De leden van de D66-fractie willen graag uitgelegd zien wat onder «aantoonbaar verouderd» moet worden verstaan. Deze leden stellen dat er zeer verschillende interpretaties van de term «aantoonbaar verouderd» verdedigbaar zijn met zeer verschillende consequenties voor betrokken studenten. Zij vragen of er geen behoefte is aan enige consistentie op nationaal niveau.

Uit het antwoord op een eerdere vraag van de leden van de VVD-fractie blijkt dat de onderbouwing van het besluit om de geldigheidsduur van een tentamen te beperken gebaseerd op opleidingsinhoudelijke en onderwijskundige expertise moet aantonen dat de beperking van de geldigheidsduur gerechtvaardigd is. De inrichting van een opleiding behoort tot de autonomie van de instelling. Hoe wordt aangetoond dat kennis, inzicht en vaardigheden zijn verouderd zal per geval verschillen, juist ook omdat deze competenties heel verschillend zijn per (vak)gebied. De deskundigheid daarvoor ligt bij uitstek bij de professionals. Dit betekent dat ook de besluitvorming over de geldigheidsduur van tentamens binnen de instelling hoort plaats te vinden, aangezien van een uniforme inrichting van opleidingen geen sprake is. Juist bij de opleiding binnen een instelling is de expertise aanwezig om te kunnen bepalen of binnen de betreffende opleiding getentamineerde kennis is verouderd. De nadere regels om tot besluitvorming ter zake te komen moeten in de onderwijs- en examenregeling worden vastgelegd.

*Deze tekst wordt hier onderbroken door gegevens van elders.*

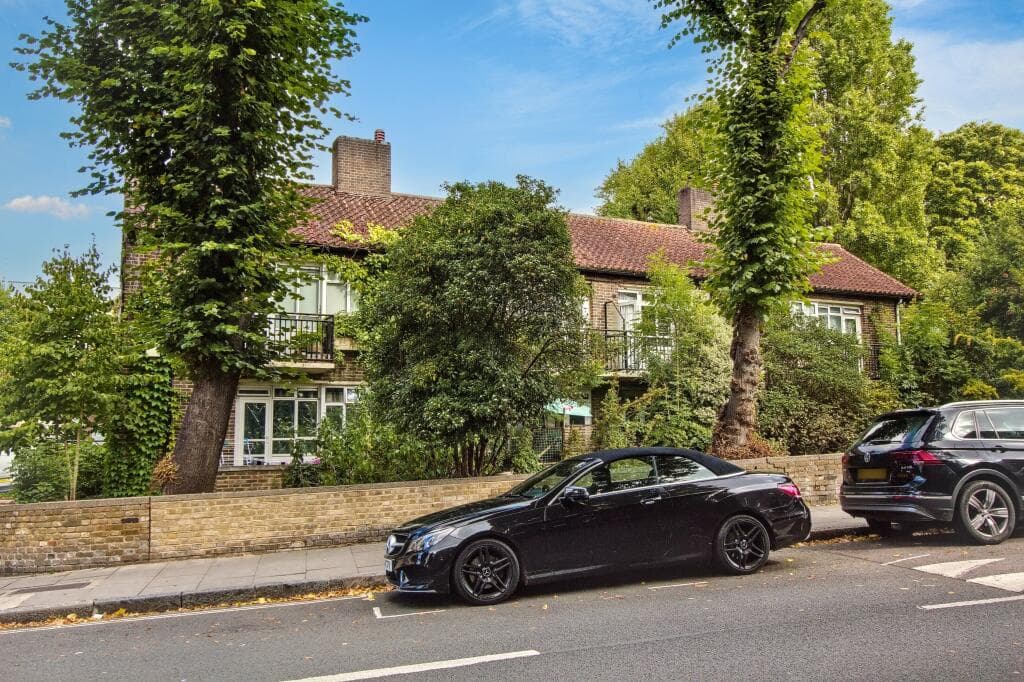 View property at Flat 7 Hinchinbrook House, Mortimer Crescent, Kilburn, London, NW6 5UP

De faculteitsraad heeft daarop instemmingsrecht en de opleidingscommissie adviesrecht.

Deze leden vragen voorts wie in een specifieke situatie bij onenigheid naar het oordeel van de regering uiteindelijk de knoop zal mogen doorhakken.

De nadere regels om te komen tot een besluit tot beperking van de geldigheidsduur van tentamens zullen in de onderwijs- en examenregeling worden neergelegd. Zoals verwoord in antwoorden op eerdere vragen van de leden van de VVD-fractie en de CDA-fractie heeft de faculteitsraad instemmingsrecht bij het vaststellen van deze nadere regels en krijgt de opleidingscommissie adviesrecht. Het instellingsbestuur moet aan de medezeggenschap kunnen uitleggen waarom zij kennis, inzicht of vaardigheden verouderd vindt. Een geschil kan worden voorgelegd aan de geschillencommissie medezeggenschap en in tweede instantie aan de Ondernemingskamer van het Gerechtshof van Amsterdam.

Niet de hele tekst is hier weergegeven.